> _Exercise prompt_
Leave out all pictures. Return exactly the lines from the top of the material through the line containing "Vintage 1964. Collection.".

------------------------------

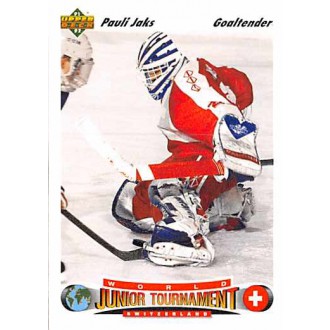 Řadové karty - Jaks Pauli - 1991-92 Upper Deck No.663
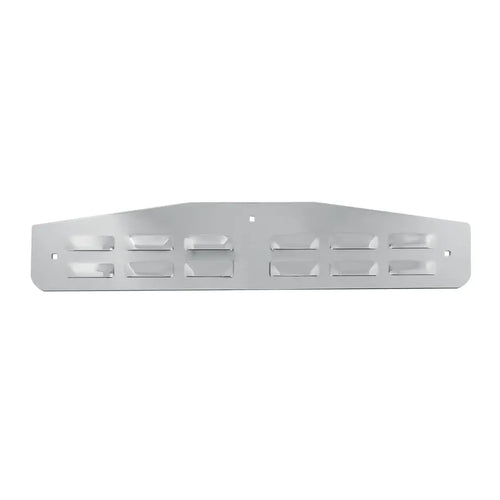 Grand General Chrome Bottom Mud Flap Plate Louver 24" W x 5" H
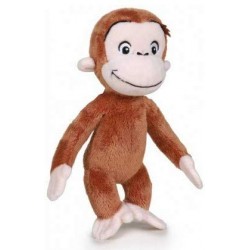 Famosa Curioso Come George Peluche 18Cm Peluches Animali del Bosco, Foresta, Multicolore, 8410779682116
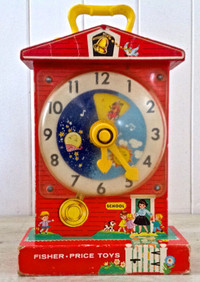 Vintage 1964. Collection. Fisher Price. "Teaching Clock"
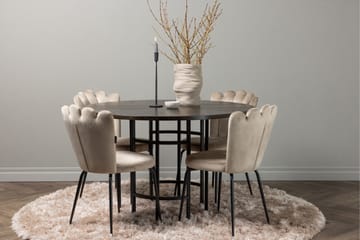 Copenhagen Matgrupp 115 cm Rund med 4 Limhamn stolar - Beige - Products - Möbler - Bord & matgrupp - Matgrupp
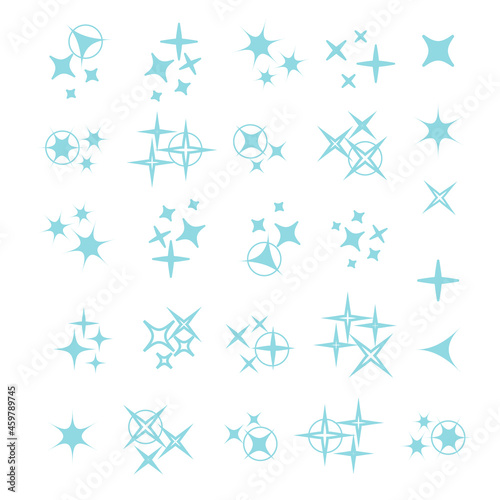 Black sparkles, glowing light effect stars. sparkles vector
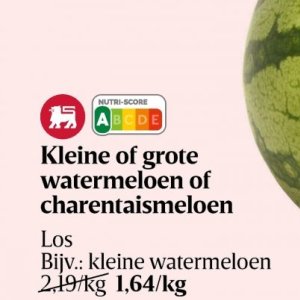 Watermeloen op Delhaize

------------------------------

> _Answer for the task_
 Řadové karty - Jaks Pauli - 1991-92 Upper Deck No.663
 Grand General Chrome Bottom Mud Flap Plate Louver 24" W x 5" H
 Famosa Curioso Come George Peluche 18Cm Peluches Animali del Bosco, Foresta, Multicolore, 8410779682116
 Vintage 1964. Collection. Fisher Price. "Teaching Clock"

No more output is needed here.